BroadwaySF’s Golden Gate Theatre usually hosts touring companies of actors from all over the country and beyond. But “A Christmas Carol” not only rehearsed locally but also cast a bevy of Bay Area actors in its ensemble. That means Samuel Faustine, Rodney Earl Jackson Jr, Annie Sherman, Monica Ho, Ash Malloy, Colin Thompson, Ben Beckley and Wiley Naman Strasser all get to perform on one of the Bay Area’s grandest stages.

Jack Thorne’s music-filled adaptation of Charles Dickens’ novella, which won five 2020 Tony Awards, is known for painting Ebenezer Scrooge less as an out-and-out monster and more as a harried businessman. He’s harder to distance yourself from, harder to peremptorily condemn, when he reminds you of someone you might hasten past in the Financial District.

Matthew Warchus (“Matilda the Musical”) directs, and Francois Battiste stars.

“A Christmas Carol”: Tuesday, Nov. 30; 1 p.m. and 7:30 p.m. Wednesday, Dec. 1; 7:30 p.m. Thursday-Friday, Dec. 2-3; 1 p.m. and 7:30 p.m. Saturday, Dec. 4. Through Dec. 26. $56-$256, subject to change. Golden Gate Theatre, 1 Taylor St., S.F. 888-746-1799. www.broadwaysf.com

— Lily Janiak

Adeline Thery in “Leda.” Photo: Courtesy of Another Hole in the Head Film Festival

Another Hole in the Head Film Festival returns with hybrid program in 18th year

The Another Hole in the Head Film Festival is devoted to bringing a cross section of quality independent films to the public, from the very low budget to the better-funded and more polished.

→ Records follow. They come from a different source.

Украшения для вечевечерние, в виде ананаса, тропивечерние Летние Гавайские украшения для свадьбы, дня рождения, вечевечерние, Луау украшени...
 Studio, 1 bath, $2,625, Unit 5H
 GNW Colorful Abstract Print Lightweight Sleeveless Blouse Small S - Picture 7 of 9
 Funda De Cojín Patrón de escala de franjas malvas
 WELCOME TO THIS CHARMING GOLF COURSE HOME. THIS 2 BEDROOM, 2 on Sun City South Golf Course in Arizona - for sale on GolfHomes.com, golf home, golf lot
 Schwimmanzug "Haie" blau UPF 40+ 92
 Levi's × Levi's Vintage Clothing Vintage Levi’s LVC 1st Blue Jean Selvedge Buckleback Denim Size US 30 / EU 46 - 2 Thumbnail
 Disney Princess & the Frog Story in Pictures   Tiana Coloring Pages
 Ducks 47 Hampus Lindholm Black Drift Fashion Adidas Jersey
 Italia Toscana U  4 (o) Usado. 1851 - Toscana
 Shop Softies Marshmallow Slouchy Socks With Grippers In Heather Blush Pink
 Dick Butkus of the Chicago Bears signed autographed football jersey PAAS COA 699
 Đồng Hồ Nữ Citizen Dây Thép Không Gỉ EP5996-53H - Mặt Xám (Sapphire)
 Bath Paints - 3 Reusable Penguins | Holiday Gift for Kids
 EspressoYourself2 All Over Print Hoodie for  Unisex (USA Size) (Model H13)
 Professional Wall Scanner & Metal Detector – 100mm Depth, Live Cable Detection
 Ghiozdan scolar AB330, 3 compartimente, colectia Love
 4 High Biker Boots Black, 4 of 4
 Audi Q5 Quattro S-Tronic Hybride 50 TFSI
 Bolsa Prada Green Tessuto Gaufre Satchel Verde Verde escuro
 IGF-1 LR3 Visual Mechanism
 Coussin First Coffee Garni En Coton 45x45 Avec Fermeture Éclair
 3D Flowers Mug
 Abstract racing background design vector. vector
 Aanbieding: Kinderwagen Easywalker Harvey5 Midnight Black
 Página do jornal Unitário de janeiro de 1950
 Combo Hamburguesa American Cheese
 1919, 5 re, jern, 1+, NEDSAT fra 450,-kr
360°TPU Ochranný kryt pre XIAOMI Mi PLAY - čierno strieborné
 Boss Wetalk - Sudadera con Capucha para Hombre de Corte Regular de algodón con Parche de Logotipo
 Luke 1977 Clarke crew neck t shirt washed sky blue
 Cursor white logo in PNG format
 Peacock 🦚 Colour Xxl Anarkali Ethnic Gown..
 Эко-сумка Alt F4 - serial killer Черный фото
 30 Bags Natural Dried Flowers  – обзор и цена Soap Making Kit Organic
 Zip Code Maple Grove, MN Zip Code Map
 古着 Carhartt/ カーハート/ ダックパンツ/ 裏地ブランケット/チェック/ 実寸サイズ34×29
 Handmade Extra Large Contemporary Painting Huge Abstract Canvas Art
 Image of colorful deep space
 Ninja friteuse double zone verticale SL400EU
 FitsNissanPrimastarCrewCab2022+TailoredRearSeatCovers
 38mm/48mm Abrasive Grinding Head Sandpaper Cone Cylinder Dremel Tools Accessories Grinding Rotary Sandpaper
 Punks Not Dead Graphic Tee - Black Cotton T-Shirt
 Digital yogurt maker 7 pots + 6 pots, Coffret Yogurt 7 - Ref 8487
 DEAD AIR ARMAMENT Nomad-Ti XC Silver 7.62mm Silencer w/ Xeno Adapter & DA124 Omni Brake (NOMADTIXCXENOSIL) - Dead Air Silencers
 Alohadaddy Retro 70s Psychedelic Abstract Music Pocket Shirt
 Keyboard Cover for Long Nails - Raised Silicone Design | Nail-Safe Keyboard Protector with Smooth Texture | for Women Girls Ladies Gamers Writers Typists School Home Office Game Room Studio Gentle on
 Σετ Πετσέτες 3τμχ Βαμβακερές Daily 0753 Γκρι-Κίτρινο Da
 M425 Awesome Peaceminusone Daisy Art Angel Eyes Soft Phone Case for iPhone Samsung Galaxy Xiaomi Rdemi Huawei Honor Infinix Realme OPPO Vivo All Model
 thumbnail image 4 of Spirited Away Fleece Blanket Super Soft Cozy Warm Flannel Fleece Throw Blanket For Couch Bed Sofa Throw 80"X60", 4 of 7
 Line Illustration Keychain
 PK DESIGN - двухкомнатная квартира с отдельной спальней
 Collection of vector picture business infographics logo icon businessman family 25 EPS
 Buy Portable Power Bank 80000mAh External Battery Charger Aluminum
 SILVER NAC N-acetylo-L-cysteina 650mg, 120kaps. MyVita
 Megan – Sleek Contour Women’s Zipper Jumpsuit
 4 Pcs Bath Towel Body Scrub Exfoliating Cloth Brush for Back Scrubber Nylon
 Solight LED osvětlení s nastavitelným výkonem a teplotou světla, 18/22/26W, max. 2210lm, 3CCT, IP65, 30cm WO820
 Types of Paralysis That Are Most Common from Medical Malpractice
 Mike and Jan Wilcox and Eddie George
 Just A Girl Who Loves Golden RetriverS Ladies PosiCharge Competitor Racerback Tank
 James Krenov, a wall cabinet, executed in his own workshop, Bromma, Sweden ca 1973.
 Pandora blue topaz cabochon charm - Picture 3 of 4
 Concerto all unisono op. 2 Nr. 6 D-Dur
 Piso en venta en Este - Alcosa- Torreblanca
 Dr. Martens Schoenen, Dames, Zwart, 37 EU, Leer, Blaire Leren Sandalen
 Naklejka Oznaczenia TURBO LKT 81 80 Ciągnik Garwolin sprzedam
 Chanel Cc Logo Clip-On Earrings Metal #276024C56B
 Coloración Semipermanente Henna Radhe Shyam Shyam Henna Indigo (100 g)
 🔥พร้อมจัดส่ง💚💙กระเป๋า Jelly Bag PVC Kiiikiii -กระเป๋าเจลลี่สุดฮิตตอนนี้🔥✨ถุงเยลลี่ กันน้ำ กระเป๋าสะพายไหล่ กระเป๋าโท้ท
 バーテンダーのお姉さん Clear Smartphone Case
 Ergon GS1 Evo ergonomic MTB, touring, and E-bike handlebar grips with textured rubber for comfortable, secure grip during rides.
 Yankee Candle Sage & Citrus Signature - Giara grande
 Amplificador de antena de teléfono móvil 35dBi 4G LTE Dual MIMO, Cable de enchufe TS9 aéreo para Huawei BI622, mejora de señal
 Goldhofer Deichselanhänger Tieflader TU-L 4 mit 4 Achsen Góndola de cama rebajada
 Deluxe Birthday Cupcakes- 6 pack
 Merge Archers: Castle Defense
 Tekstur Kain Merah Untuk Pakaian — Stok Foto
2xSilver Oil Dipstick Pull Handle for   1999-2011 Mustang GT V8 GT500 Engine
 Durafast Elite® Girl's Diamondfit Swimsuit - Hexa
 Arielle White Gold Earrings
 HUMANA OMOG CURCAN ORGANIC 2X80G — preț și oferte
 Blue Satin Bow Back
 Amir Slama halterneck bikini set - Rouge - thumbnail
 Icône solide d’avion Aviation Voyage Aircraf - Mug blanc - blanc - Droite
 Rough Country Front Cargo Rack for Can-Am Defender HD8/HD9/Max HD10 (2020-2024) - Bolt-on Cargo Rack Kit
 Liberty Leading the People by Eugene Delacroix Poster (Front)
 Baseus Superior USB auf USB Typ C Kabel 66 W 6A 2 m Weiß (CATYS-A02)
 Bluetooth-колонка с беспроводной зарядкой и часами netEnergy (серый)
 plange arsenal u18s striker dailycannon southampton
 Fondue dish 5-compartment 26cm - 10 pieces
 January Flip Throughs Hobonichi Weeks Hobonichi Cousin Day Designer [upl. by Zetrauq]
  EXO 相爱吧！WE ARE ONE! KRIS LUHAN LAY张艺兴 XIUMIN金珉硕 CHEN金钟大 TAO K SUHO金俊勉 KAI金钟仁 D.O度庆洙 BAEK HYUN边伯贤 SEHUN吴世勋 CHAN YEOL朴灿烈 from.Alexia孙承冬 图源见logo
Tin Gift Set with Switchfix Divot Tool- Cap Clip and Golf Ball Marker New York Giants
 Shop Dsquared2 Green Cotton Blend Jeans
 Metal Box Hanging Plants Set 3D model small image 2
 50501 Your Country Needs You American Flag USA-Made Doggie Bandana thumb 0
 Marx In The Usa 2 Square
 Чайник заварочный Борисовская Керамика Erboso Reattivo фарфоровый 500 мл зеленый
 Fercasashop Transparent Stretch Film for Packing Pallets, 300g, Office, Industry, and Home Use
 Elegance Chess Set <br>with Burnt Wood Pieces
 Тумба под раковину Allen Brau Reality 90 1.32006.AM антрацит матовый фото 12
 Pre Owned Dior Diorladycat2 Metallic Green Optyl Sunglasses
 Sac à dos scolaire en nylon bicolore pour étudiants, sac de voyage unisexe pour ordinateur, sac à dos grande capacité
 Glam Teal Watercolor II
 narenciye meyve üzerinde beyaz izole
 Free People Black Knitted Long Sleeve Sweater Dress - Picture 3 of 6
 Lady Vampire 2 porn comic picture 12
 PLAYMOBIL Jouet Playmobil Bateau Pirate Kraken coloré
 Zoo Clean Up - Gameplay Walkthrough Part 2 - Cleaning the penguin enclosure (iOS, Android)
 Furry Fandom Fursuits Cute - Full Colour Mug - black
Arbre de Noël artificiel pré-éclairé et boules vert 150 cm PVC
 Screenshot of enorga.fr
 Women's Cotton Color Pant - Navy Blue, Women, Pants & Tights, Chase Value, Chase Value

This 18th installment will be a hybrid affair, partly streamed, but with a lot of films being screened in person, at the New People Cinema in San Francisco. One of the highlights is the opening night film, “Leda,” which is billed as a tragic fairy tale based on the Greek myth “Leda and the Swan.” Of particular interest is that “Leda” is in 3-D. The 3-D medium, to this point the province of inartistic action films, deserves to be used in more serious movies.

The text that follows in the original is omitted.